We have noticed odd dumbbell shaped objects hanging off light poles or power lines upon occasion. What can they be? Could it be Surveillance equipment from alien beings? It turns out they are called Stockbridge Dampers and they are basically counterweights designed to offset the effects of high winds on tall structures like light and power poles. These poles can be weakened by oscillations from the natural movement of the structures in the wind. Since power poles are stationary and wind currents tend to come from the same general direction, the structure of a light or power pole can be weakened because the material fatigues in the same place with every wind gust. So what does the dumbbell do? The two weights on the end shake in opposing directions, dampening and spreading the vibration throughout the structure and therefore protecting it from fatigue.
We know a few bankers who are struggling with fatigue and therefore could probably use a Stockbridge damper to offset recurring industry vibrations. There is probably no one more fatigued at this moment though, than our customers in and around the oil industry. We all know that prices at the gas pump have declined and everyone agrees it is nice to save a few bucks when we fill up. What is not so nice is the effect this is having on employment and economic activity in a large swath of the US. Oil prices that appeared to have stabilized around $60 a barrel for several months have now taken another notch down, losing 20% in the month of July with the price of West Texas Intermediate now below $46.
Last Friday, some of the biggest oil companies reported earnings, with ExxonMobil reporting an earnings drop of 52% in spite of increased production. Exxon is viewed as the best insulated from the price crash, but still reported its worst quarterly profits since June of 2009. The drop in crude oil prices has resulted in the loss of around 70K jobs globally and has caused more than $200B of new oil and gas projects to be shelved. Royal Dutch Shell announced 7K job cuts and plans to cut capital spending by 20%.
The supply glut has come about for a number of reasons, especially because US shale production has ramped up in the last few years. OPEC determined not to cut production in an effort to squeeze out higher cost producers and especially to cause American production to decrease, but for the most part, this has not occurred. US shale production has remained resilient and now with the possibility of Iranian oil coming onto the market in the months ahead, oil is likely to remain oversupplied.
The Economist estimates that the price of West Texas Intermediate could rise to $66 by 2019. Saudi Arabian producers can make a profit at around $20 a barrel, but the US Oil Shale Belt needs around $100. More difficult extraction areas like the Canadian Tar Sands require more to make a profit. Until now, reduction of production and staff has been somewhat moderate, but clearly, prices this low for many years are likely to remake the industry.

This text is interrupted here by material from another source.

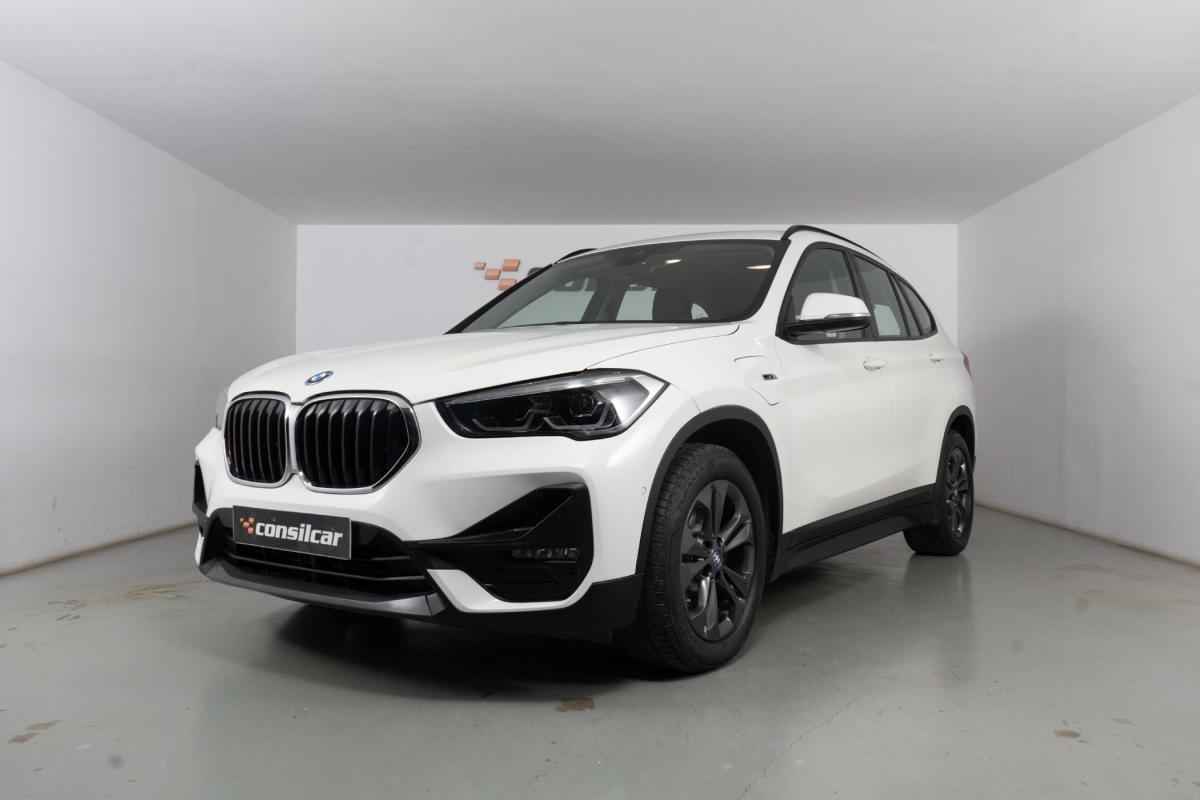bmw-x1-2022-hibrido-a-gasolina-1499cc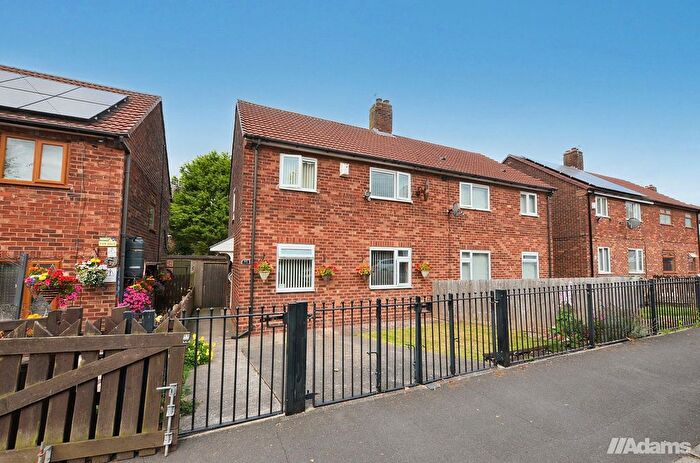3 Bedroom Semi-Detached House For Sale In Castle Rise, Runcorn, WA7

There will be opportunity for banks in the reinvention of the oil industry, but there is danger for those who lend to current exploration and production firms. Banks with these loans on their books have already been warned by their regulators to take extra care. Consumer lending in oil producing regions will also be affected and alternative energy companies may suffer as oil remains cheap.
You may want to present your beleaguered oil industry customers with a Stockbridge Damper to hang around their necks, at least until the wind changes direction for that industry. In the meantime, take extra care with your bank's customers in the oil patch to avoid regulatory wrath and credit losses later on.